Balazs Gyenis

When Can Statistical Theories Be Causally Closed

The notion of common cause closedness of a classical, Kolmogorovian probability space with respect to a causal independence relation between the random events is defined, and propositions are presented that characterize common cause closedness for specific probability spaces. It is proved in particular that no probability space with a finite number of random events can contain common causes of all the correlations it predicts; however, it is demonstrated that probability spaces even with a finite number of random events can be common cause closed with respect to a causal independence relation that is stronger than logical independence. Furthermore it is shown that infinite, atomless probability spaces are always common cause closed in the strongest possible sense. Open problems concerning common cause closedness are formulated and the results are interpreted from the perspective of Reichenbachs Common Cause Principle (RCCP).

Causal Completeness in General Probability Theories

A general probability space is defined to be causally complete if it contains common cause type variables for all correlations it predicts between compatible variables that are causally independent with respect to a causal independence relation defined between variables. The problem of causal completeness is formulated explicitly and several propositions are presented that spell out causal (in)completeness of certain classical and non-classical probability spaces with respect to a causal independence relation that is stronger than logical independence.

How Do Macrostates Come About

This paper is a further consideration of Hemmo and Shenker’s ideas about the proper conceptual characterization of macrostates in statistical mechanics. We provide two formulations of how macrostates come about as elements of certain partitions of the system’s phase space imposed on by the interaction between the system and an observer, and we show that these two formulations are mathematically equivalent. We also reflect on conceptual issues regarding the relationship of macrostates to distinguishability, thermodynamic regularity, observer dependence, and the general phenomenon of measurement.

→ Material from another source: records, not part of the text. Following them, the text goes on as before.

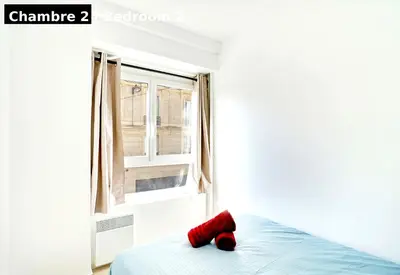 Un ou plusieurs lits dans un hébergement de l'établissement Magnifique 3 pièces Paris 18ème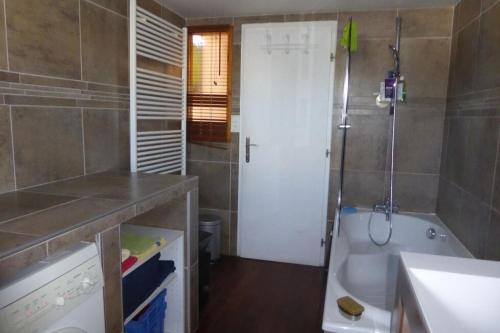 a bathroom with a tub and a shower and a sink at Chalet avec grand jardin en Chartreuse Alpes in Miribel-les-Échelles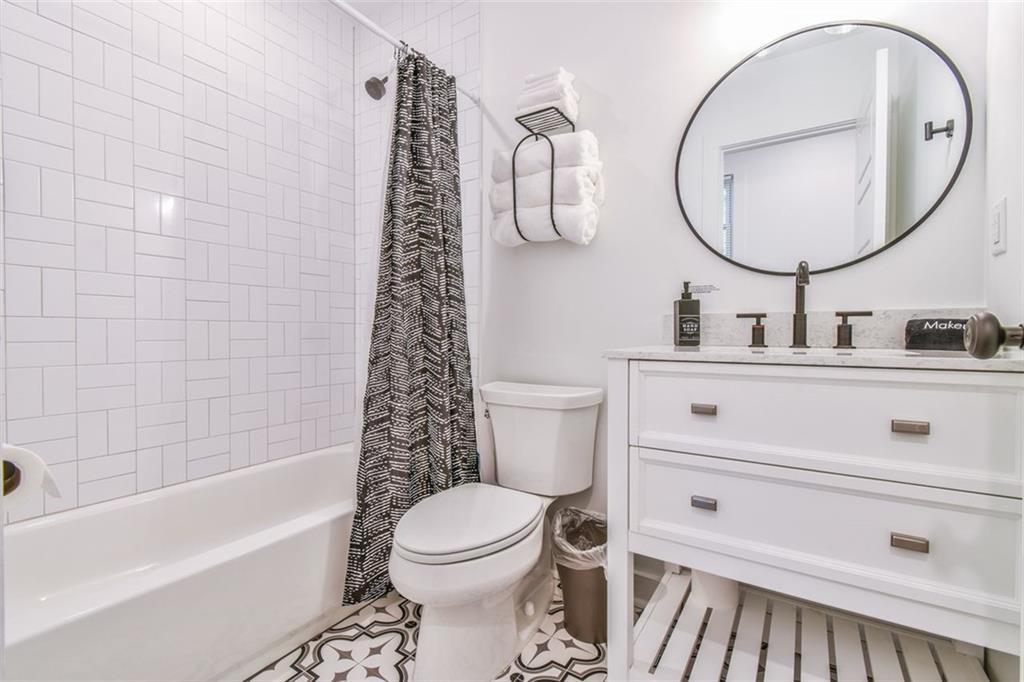 1225 Carter Road Decatur, GA 30030 - Photo 18 of 20 a bathroom with a sink mirror vanity and toilet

Is it the Principal Principle that Implies the Principle of Indifference

Hawthorne et al. (Br J Philos Sci, http://bjps.oxfordjournals.org/lookup/doi/10.1093/bjps/axv030) argue that the Principal Principle implies a version of the Principle of Indifference. We show that what the Authors take to be the Principle of Indifference can be obtained without invoking anything which would seem to be related to the Principal Principle. In the Appendix we also discuss several Conditions proposed in the same paper.